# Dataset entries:
#####

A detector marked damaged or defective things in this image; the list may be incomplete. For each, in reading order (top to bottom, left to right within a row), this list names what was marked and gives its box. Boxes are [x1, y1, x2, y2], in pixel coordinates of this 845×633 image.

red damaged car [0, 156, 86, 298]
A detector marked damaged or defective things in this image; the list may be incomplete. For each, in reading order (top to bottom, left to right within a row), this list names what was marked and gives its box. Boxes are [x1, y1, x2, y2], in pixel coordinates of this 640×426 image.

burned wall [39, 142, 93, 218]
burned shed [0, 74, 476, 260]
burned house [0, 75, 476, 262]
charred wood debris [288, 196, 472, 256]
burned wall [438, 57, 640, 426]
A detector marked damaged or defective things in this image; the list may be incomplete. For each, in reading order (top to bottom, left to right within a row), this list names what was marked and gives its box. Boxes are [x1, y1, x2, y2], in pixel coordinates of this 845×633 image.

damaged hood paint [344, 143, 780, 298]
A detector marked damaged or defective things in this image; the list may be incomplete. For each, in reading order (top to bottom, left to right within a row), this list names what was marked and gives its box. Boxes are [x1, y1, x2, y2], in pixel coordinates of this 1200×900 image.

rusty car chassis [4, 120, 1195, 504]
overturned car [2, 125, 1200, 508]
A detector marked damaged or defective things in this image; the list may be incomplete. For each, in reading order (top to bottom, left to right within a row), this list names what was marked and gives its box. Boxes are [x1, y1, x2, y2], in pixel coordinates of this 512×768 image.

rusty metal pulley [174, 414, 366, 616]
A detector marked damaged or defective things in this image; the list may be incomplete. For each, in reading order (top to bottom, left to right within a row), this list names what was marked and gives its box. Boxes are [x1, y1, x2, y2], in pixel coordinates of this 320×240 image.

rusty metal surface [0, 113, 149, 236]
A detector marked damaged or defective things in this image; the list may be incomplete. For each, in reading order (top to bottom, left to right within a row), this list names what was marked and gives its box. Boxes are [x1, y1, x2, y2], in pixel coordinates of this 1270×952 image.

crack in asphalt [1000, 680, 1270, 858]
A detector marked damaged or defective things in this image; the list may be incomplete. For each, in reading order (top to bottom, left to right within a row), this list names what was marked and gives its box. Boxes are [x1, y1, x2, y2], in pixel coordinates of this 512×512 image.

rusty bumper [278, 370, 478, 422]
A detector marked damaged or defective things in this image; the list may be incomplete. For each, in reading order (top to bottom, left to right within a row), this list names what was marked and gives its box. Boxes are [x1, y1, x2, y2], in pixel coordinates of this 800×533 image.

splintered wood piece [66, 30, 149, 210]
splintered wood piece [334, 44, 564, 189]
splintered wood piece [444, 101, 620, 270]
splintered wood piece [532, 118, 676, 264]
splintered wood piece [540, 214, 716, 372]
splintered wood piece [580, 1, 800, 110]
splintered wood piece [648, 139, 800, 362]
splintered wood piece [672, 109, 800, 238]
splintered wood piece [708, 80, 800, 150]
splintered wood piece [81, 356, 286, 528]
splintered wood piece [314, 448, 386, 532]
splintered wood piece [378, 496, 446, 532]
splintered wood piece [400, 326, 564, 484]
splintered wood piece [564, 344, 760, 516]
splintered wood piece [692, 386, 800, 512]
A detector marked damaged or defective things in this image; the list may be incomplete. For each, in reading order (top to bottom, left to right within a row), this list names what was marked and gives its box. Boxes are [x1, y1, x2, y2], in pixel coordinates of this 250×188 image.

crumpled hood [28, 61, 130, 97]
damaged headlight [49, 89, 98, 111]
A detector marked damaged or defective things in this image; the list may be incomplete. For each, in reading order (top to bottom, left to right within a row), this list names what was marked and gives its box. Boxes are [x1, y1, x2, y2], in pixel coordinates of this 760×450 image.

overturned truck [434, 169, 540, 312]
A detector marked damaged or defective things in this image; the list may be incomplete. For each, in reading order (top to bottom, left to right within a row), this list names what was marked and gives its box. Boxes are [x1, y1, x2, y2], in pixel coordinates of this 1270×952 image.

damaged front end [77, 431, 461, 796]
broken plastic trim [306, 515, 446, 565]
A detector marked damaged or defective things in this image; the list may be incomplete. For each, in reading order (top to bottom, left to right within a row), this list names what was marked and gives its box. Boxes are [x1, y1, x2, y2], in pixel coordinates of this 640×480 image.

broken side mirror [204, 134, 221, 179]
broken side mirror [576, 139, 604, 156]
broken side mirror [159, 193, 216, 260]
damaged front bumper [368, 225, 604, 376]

#####

# What you will do:
Every entry should be retyped exactly as shown.

# Result:
A detector marked damaged or defective things in this image; the list may be incomplete. For each, in reading order (top to bottom, left to right within a row), this list names what was marked and gives its box. Boxes are [x1, y1, x2, y2], in pixel coordinates of this 845×633 image.

red damaged car [0, 156, 86, 298]
A detector marked damaged or defective things in this image; the list may be incomplete. For each, in reading order (top to bottom, left to right within a row), this list names what was marked and gives its box. Boxes are [x1, y1, x2, y2], in pixel coordinates of this 640×426 image.

burned wall [39, 142, 93, 218]
burned shed [0, 74, 476, 260]
burned house [0, 75, 476, 262]
charred wood debris [288, 196, 472, 256]
burned wall [438, 57, 640, 426]
A detector marked damaged or defective things in this image; the list may be incomplete. For each, in reading order (top to bottom, left to right within a row), this list names what was marked and gives its box. Boxes are [x1, y1, x2, y2], in pixel coordinates of this 845×633 image.

damaged hood paint [344, 143, 780, 298]
A detector marked damaged or defective things in this image; the list may be incomplete. For each, in reading order (top to bottom, left to right within a row), this list names what was marked and gives its box. Boxes are [x1, y1, x2, y2], in pixel coordinates of this 1200×900 image.

rusty car chassis [4, 120, 1195, 504]
overturned car [2, 125, 1200, 508]
A detector marked damaged or defective things in this image; the list may be incomplete. For each, in reading order (top to bottom, left to right within a row), this list names what was marked and gives its box. Boxes are [x1, y1, x2, y2], in pixel coordinates of this 512×768 image.

rusty metal pulley [174, 414, 366, 616]
A detector marked damaged or defective things in this image; the list may be incomplete. For each, in reading order (top to bottom, left to right within a row), this list names what was marked and gives its box. Boxes are [x1, y1, x2, y2], in pixel coordinates of this 320×240 image.

rusty metal surface [0, 113, 149, 236]
A detector marked damaged or defective things in this image; the list may be incomplete. For each, in reading order (top to bottom, left to right within a row), this list names what was marked and gives its box. Boxes are [x1, y1, x2, y2], in pixel coordinates of this 1270×952 image.

crack in asphalt [1000, 680, 1270, 858]
A detector marked damaged or defective things in this image; the list may be incomplete. For each, in reading order (top to bottom, left to right within a row), this list names what was marked and gives its box. Boxes are [x1, y1, x2, y2], in pixel coordinates of this 512×512 image.

rusty bumper [278, 370, 478, 422]
A detector marked damaged or defective things in this image; the list may be incomplete. For each, in reading order (top to bottom, left to right within a row), this list names what was marked and gives its box. Boxes are [x1, y1, x2, y2], in pixel coordinates of this 800×533 image.

splintered wood piece [66, 30, 149, 210]
splintered wood piece [334, 44, 564, 189]
splintered wood piece [444, 101, 620, 270]
splintered wood piece [532, 118, 676, 264]
splintered wood piece [540, 214, 716, 372]
splintered wood piece [580, 1, 800, 110]
splintered wood piece [648, 139, 800, 362]
splintered wood piece [672, 109, 800, 238]
splintered wood piece [708, 80, 800, 150]
splintered wood piece [81, 356, 286, 528]
splintered wood piece [314, 448, 386, 532]
splintered wood piece [378, 496, 446, 532]
splintered wood piece [400, 326, 564, 484]
splintered wood piece [564, 344, 760, 516]
splintered wood piece [692, 386, 800, 512]
A detector marked damaged or defective things in this image; the list may be incomplete. For each, in reading order (top to bottom, left to right within a row), this list names what was marked and gives its box. Boxes are [x1, y1, x2, y2], in pixel coordinates of this 250×188 image.

crumpled hood [28, 61, 130, 97]
damaged headlight [49, 89, 98, 111]
A detector marked damaged or defective things in this image; the list may be incomplete. For each, in reading order (top to bottom, left to right within a row), this list names what was marked and gives its box. Boxes are [x1, y1, x2, y2], in pixel coordinates of this 760×450 image.

overturned truck [434, 169, 540, 312]
A detector marked damaged or defective things in this image; the list may be incomplete. For each, in reading order (top to bottom, left to right within a row), this list names what was marked and gives its box. Boxes are [x1, y1, x2, y2], in pixel coordinates of this 1270×952 image.

damaged front end [77, 431, 461, 796]
broken plastic trim [306, 515, 446, 565]
A detector marked damaged or defective things in this image; the list may be incomplete. For each, in reading order (top to bottom, left to right within a row), this list names what was marked and gives its box. Boxes are [x1, y1, x2, y2], in pixel coordinates of this 640×480 image.

broken side mirror [204, 134, 221, 179]
broken side mirror [576, 139, 604, 156]
broken side mirror [159, 193, 216, 260]
damaged front bumper [368, 225, 604, 376]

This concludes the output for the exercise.